The Best Roads Are The Empty Ones

USA | Wednesday, 20 May 2015 | Views [151] | Scholarship Entry

The great love affair of my life started before I met my husband.

I fell deeply and passionately in love with the open road, during an epic road trip six years ago. Since that journey, I've driven nearly 200,000 miles back and forth across America. I've driven through every state except Alaska, visited 70 national parks and monuments, and taken tens of thousands of photographs. It’s nowhere near enough.

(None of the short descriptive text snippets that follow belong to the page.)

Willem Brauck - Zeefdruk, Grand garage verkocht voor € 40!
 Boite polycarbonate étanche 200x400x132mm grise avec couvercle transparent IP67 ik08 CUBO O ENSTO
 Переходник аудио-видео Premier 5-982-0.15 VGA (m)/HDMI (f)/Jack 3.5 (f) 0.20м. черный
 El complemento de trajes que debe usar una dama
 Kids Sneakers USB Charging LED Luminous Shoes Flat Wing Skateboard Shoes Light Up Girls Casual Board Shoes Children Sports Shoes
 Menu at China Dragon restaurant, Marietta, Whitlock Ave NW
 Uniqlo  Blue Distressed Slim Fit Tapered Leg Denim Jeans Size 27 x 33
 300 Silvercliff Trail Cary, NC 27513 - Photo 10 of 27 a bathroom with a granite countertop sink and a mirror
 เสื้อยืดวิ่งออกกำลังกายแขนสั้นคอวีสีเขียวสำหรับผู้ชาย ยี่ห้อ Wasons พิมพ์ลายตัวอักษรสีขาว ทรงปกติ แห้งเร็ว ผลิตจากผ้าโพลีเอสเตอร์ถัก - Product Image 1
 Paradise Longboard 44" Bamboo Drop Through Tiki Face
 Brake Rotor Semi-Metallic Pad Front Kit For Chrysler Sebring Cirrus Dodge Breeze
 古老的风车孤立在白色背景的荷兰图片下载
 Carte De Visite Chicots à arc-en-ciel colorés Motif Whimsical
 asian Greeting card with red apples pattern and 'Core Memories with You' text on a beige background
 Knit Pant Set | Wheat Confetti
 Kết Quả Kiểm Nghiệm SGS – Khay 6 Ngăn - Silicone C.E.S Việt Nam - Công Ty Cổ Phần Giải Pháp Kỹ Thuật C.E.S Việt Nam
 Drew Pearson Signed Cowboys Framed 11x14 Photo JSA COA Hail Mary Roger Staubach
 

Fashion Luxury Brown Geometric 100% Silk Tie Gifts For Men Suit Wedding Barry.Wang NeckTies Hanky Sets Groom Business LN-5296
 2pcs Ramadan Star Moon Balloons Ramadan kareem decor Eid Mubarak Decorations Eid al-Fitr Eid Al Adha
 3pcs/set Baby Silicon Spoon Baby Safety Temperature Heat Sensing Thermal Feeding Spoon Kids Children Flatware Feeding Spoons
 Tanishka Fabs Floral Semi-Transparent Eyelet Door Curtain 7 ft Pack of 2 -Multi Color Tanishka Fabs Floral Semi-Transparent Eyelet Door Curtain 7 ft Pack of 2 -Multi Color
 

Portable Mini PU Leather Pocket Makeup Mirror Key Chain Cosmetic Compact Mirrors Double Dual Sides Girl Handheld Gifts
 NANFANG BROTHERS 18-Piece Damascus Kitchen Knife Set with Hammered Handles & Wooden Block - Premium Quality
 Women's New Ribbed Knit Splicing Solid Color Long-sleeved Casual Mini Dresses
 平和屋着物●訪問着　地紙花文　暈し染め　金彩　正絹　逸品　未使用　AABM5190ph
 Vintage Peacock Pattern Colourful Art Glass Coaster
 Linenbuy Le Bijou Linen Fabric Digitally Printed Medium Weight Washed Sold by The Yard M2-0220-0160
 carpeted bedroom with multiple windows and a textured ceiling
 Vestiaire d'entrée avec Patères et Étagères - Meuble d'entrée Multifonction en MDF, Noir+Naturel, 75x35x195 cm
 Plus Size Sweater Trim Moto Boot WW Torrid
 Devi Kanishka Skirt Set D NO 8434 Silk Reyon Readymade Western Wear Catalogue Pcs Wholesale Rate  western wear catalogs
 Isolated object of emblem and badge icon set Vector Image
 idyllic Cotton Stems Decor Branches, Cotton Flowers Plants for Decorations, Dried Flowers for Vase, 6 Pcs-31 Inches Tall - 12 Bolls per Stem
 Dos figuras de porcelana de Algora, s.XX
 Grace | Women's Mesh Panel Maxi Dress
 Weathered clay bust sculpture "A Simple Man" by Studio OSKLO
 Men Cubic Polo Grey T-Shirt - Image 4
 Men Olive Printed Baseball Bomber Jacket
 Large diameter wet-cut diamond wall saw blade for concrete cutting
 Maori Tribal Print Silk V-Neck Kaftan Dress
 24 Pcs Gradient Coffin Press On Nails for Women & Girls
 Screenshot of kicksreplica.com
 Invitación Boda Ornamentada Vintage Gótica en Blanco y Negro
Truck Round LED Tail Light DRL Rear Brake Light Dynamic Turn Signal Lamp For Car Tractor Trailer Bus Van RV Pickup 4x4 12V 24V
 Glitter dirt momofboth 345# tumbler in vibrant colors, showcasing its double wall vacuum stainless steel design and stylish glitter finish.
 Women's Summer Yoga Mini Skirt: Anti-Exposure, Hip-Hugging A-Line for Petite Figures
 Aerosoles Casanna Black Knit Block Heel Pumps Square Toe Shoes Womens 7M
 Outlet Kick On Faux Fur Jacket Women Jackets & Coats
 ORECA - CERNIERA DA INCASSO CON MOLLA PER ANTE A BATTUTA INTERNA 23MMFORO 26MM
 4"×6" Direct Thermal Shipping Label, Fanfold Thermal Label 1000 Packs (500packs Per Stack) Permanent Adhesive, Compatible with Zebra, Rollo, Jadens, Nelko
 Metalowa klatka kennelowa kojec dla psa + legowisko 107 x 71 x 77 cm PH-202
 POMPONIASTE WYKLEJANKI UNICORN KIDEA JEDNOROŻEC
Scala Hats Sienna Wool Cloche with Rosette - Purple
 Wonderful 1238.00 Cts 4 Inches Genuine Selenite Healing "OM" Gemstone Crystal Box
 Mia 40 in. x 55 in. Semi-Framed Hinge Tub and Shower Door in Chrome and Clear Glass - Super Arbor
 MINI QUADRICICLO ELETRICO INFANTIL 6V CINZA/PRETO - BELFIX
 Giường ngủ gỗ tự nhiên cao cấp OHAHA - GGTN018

Road trips are never about the destination, of course; they’re about the drive. The more trips I take, the more I seek out the empty highways, the ones unspoiled by traffic or civilization. I spent a decade in New York City and the vast majority of my adult life in one metropolis or another. These days, I want to get away from cities, to drive through a place where I can see the Milky Way at night and the entire horizon at dawn.

Of all the highways I’ve driven, the one I liked best was a cracked two-lane country road running down the middle of Montana. Highway 89 runs from the east side of Glacier National Park, through Great Falls and a national forest, all the way to the gates of Yellowstone National Park on the Wyoming border. Between Glacier and Great Falls, it’s two lanes of nothing—no billboards, no gas stations or truck stops, very few houses, only a handful of tiny towns. Best of all, there’s no traffic. Just a long, straight, empty stretch of highway, in the middle of some of the most gorgeous scenery in America—the Rocky Mountains on one side, the long slope of the High Plains on the other.

I won’t advocate speeding (though I did, excessively) or rolling down your windows to sing along loudly and off-key to some road-trip-appropriate music (I did that, too, much to the amusement of many cows). I will recommend driving it on a clear, warm day, stopping often to take pictures. Bring a picnic lunch, as well. If you’re lucky, you’ll see an elk or two.

The last hour or so of 89 is the approach to Yellowstone National Park. If you save this for the end of the day, you can see the setting sun against the jagged Absaroka mountain range, and realize how accurate the phrase “purple mountains’ majesty” is. You may be tempted to stay, to never go home. That’s okay—on every trip, I’m always tempted. That’s the glory of the empty road. It just keeps going.